I'm not sure what to enter when you master HDR content on an SDR display. That's generally not done since you don't really know what you're looking at.

You could just try using some arbitrary values - it's typical in Hollywood to master on a 1000 nit display using the P3 D65 color space. You could express this in x265 using this:

https://x265.readthedocs.io/en/default/cli.html#cmdoption-master-display

The above example is for a display with a minimum light level of .0001 nits - in practice most content is not mastered that low. .002 is more common.

This may or may not look good - especially if the content looks good on your display in SDR without any LUT applied to map it.

You could also just skip the master-display param - the result would not be HDR10 compliant but may play correctly on some players.
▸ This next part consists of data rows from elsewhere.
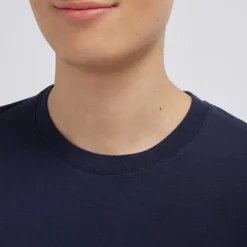 HAST T-shirt en coton biologique> Les Essentiels | T-Shirts Et Polos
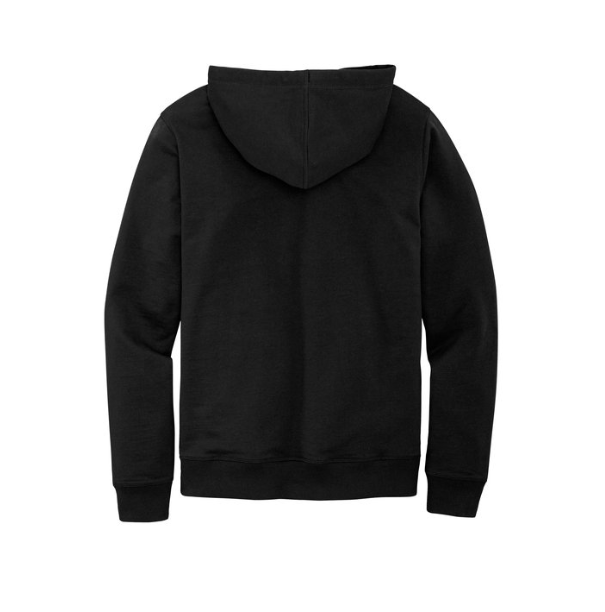 District® Re-Fleece™ Hoodie – Sustainable Comfort with a Soft, Cozy Feel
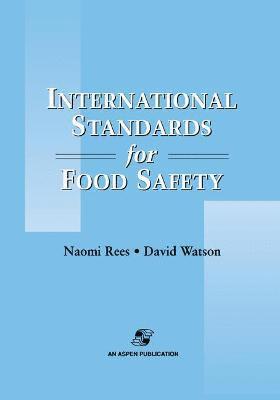 bokomslag International Standards for Food Safety
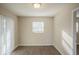 Bright dining area with sliding glass doors leading to backyard at 4533 San Sebastian Cir, Orlando, FL 32808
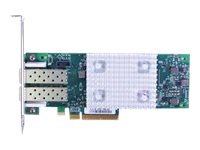 Lenovo QLogic 16Gb FC Dual-Port HBA (Enhanced Gen 5)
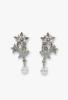 Metal Star Earrings SAME1514 XB [Anna Sui]
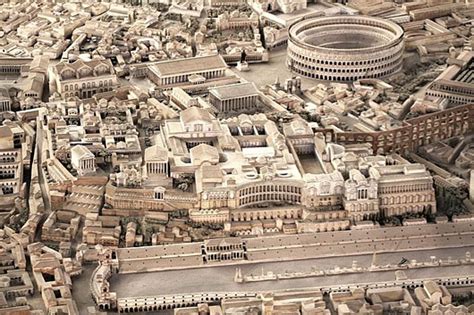 antikens rom en vaerldsmetropol historia  rummet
Thanks, looks good! I think I'll try using the primaries of my own display (closer to sRGB) and the luminance values of that display you suggested, or something like that.

TomArrow

29th December 2019, 11:34

I ended up taking the code of the Average filter and committing horrible crimes to it:
https://github.com/TomArrow/MaxCLLFindAVS

Result is an AVS+ filter that kinda does what I needed, analyzing MaxFALL and MaxCLL of a HDR PQ clip. Read the README for usage, if anyone needs it.

The code is a horrifying mess, but I'm lazy so I can't say if and when I will clean it up. Feel free to do pull requests though.

Edit: The plugin is slow as hell at the moment. I figure it needs to be vectorized, optimized, quadrupolized and whatnot. ;)

Edit 2: Sped it up a little with some caching. Sometimes the textfile doesn't get saved, not sure why.

kolak

29th December 2019, 14:06

Do you use any low pas filtering?
I think some pro tools use gentle filtering to avoid single pixels to be taken into account and dictate end result (specially when those can be overshoots from compression).

There is also this:
https://github.com/HDRWCG/HDRStaticMetadata

TomArrow

29th December 2019, 18:09

No, I haven't. I'm not sure whether I agree with the reasoning, because this would make individual bright pixels also impossible to accomplish.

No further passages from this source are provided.